Pode não parecer, mas, para as crianças e para os adolescentes, essa relação com tias e tios pode ser extremamente educativa e benéfica, mesmo quando ocorre frequentemente. E, para os pais deles, também. A nossa leitora, por exemplo, pode ajudar os pais de sua sobrinha de 16 anos a perceber que não há tanto problema com a filha quanto eles vêem. Isso pode alterar a direção do relacionamento que eles têm com a garota e com a imagem dela. E também com a garota, a tia poderia ter uma boa conversa que a levasse a uma maior compreensão e paciência com os pais dela. Afinal, os tios e as tias podem aborrecer os adolescentes bem menos que os pais, pois é mais fácil, para eles, ter conversas menos moralizantes, não é verdade?

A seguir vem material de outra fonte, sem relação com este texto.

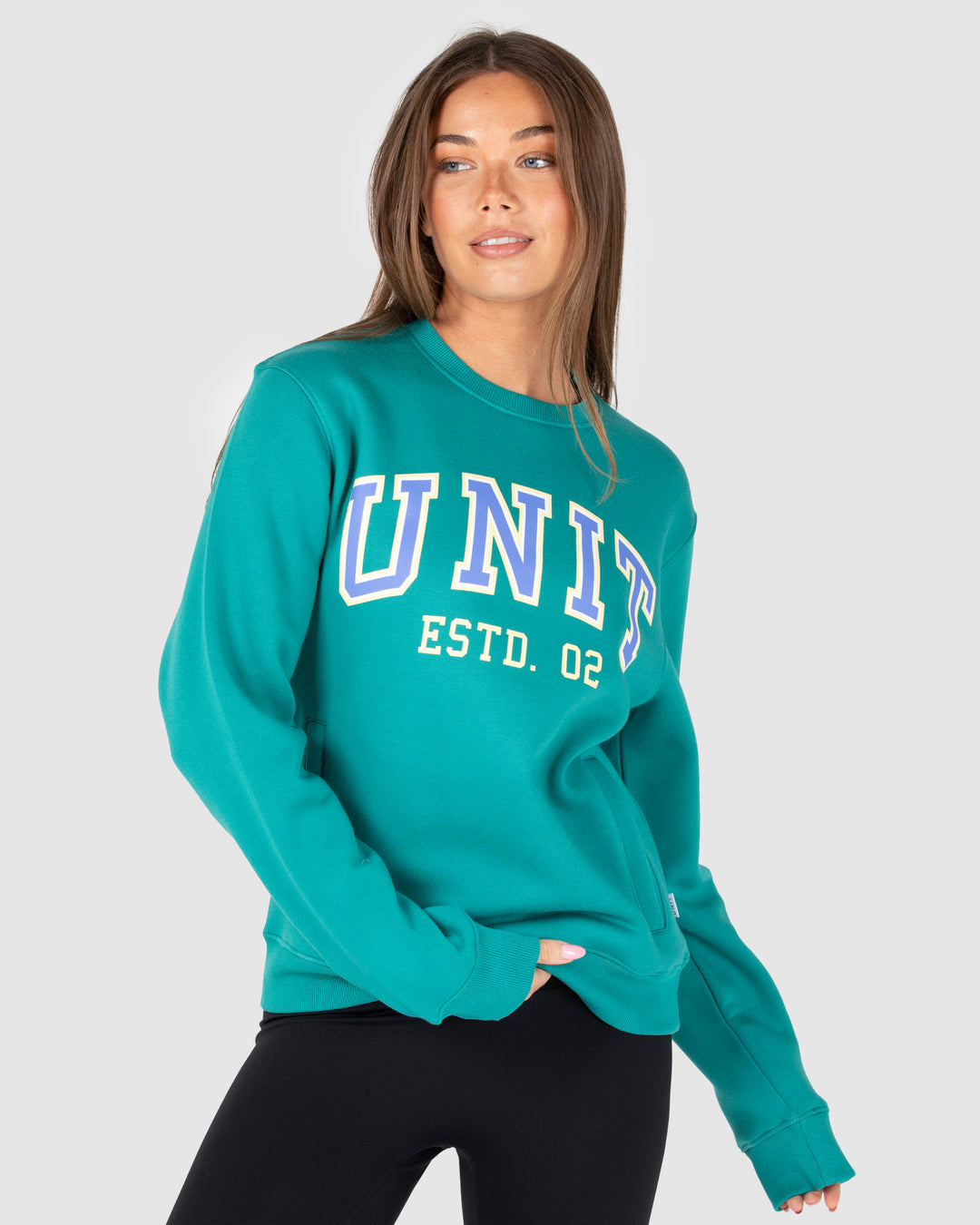 UNIT Championship Ladies Crew Sweater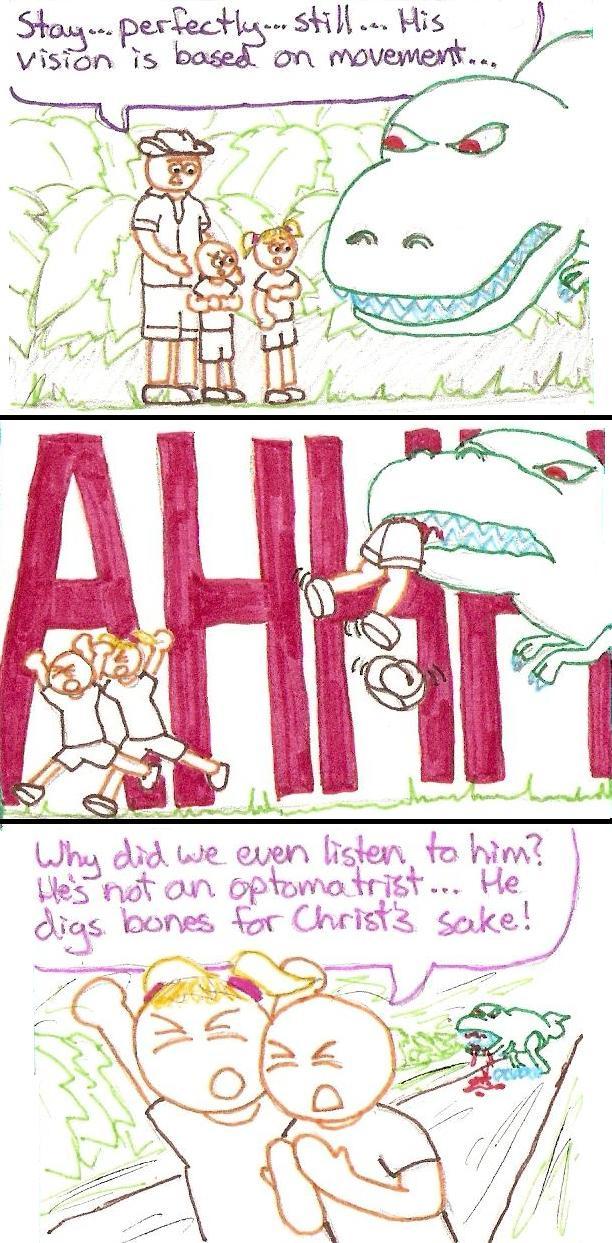 94 - Jurassic Thought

Do mesmo modo, os tios também podem ajudar quando percebem dificuldades dos sobrinhos que os pais não conseguem ver -e isso é bem mais comum do que se pode imaginar. Os pais, muitas vezes tão envolvidos com a rotina estafante dos cuidados e das preocupações diárias com os filhos e com o trabalho, não se dão conta de alguns sinais que os filhos expressam e que são, na verdade, puro pedido de socorro de quem enfrenta problemas e não consegue resolvê-los sozinho, sem a ajuda de algum adulto. Nesses casos, os tios podem tanto intervir diretamente no problema do sobrinho quanto alertar os pais para que eles tomem alguma atitude que se faça necessária.
E não se pode esquecer também que é bem difícil passar pela adolescência sem arrumar alguma boa encrenca. E, nessas horas, contar com um adulto que possa acolher o jovem com seu problema difícil e ajudá-lo a entender a situação por completo, com afetividade e respeito à autonomia e ao direito à privacidade que ele tem, principalmente em relação aos pais, e ampará-lo na solução tomada, mesmo que difícil, é muito reconfortante. Por isso, caros jovens, não se esqueçam das tias e dos tios -os de sangue, claro- na hora de sufoco. E, caros pais, incentivem e respeitem essa relação tão especial e, de preferência, com o ciúme usual sob controle, por favor.